If women don't have the same access to money, we can never have a fair fight for an equal part in a society that has been set up by men over hundreds of years.

I realise this won't be news to most of you, but I'm quite new to this and the more I read, the more things start going "ping" in my head.

ChattyLion · 08/05/2021 08:56

I’d donate to that

ChattyLion · 08/05/2021 09:05

I don’t see the problem with multiple groups (hopefully) operating in this space? Women’s issues span the range of legal issues obviously. You’d always need the very best fine detail oriented legal specialists experienced in the specific area of each case to win it. Collaborations with experts in other legal areas can still happen where needed?

I hope academic lawyers studying law and law schools training new lawyers run courses and publish new research around women’s issues and legal specialisms too.

Misiecle · 08/05/2021 09:11

A yes from me. And they can have the monthly DD I've recently stopped paying to the Women's Equality Party and to the Good Law Project.

Yesterdaysleftovers · 08/05/2021 09:16

I’m in.

RummidgeGeneral · 08/05/2021 09:24

Yes I'd donate

PaleGreenGhost · 08/05/2021 09:39

They can have my labour party membership DD! And my partners! It would be great to have a single, central legal organisation through which to push back on the alarming resurgence of misogyny.

PaleGreenGhost · 08/05/2021 09:42

And really they need to set it up ASAP before someone cynically grabs the idea in order to make sure the term "woman" also includes some males. I'm looking at you, Vagina Museum.

Manderleyagain · 08/05/2021 23:20

You don’t necessarily need lawyers to do much of the ground work like information gathering provided there is someone overseeing.
Yes this is definitely true, and much cheaper! But how best to turn it from some ideas on mumsnet and twitter into an actual project? I suppose the first thing is to talk to some of the gc lawyers who work in relevant areas of law.

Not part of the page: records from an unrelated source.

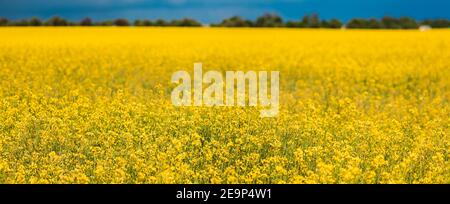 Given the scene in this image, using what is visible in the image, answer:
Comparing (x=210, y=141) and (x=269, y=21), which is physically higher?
(x=269, y=21)

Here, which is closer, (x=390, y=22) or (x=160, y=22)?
(x=160, y=22)

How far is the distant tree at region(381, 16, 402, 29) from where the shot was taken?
66.7 m

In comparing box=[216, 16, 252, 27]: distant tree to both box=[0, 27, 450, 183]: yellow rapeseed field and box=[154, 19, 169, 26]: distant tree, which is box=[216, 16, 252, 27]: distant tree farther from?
box=[0, 27, 450, 183]: yellow rapeseed field

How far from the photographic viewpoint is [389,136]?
9852 millimetres

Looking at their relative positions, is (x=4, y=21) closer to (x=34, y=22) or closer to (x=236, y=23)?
(x=34, y=22)

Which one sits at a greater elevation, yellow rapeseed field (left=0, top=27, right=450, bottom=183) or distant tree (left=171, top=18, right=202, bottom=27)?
distant tree (left=171, top=18, right=202, bottom=27)

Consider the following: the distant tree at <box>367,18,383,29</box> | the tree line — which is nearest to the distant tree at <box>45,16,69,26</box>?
the tree line

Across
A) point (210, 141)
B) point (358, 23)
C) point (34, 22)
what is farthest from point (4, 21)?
point (210, 141)

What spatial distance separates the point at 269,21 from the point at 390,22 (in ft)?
45.0

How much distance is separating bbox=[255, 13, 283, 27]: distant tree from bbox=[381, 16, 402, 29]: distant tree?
11.4 metres

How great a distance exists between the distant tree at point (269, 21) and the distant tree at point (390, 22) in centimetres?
1144

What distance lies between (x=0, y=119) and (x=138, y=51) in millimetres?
16321

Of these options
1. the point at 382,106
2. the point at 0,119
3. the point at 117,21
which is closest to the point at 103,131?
the point at 0,119

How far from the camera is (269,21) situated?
215ft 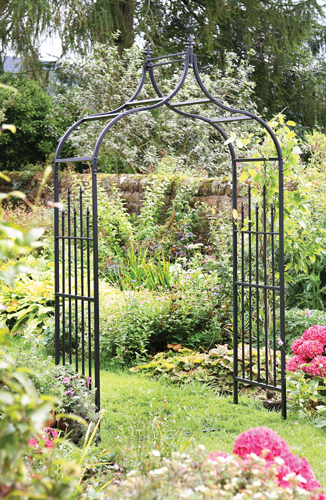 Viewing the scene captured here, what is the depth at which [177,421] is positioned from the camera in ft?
10.7

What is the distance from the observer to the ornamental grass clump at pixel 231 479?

Manderleyagain · 23/05/2021 22:03

I saw this. GRARG discussed the idea at a meeting:

gcritical.org/2021/05/15/grarg-meeting-13th-may-2021/

From the site
"The Female Law Project/Women’s Law
There has been a lot of talk on social media about the need for a formal group that would operate to provide help and advice to women who wish to challenge law/policy around issues of the sex/gender conflation. We agree that this would be a really helpful project with the potential for significant impact and want to give our full support to any bigger and better placed group who is willing to take it on. We envisage it would require a Director on a salary which could be funded by membership subscriptions. It would enable a speedy and co-ordinated response to any potential unlawful or discriminatory activity and could provide support and signposting. For cases which are serious enough to require an application for court, the project could assist with fund raising via a dedicated crowd funding platform.

If no other group is interested in taking this further, then we will meet again in June and decide what steps we can take to make this a reality. Any comments or proposals, please contact me @SVPhillimore"

There are other projects on the same blog post too.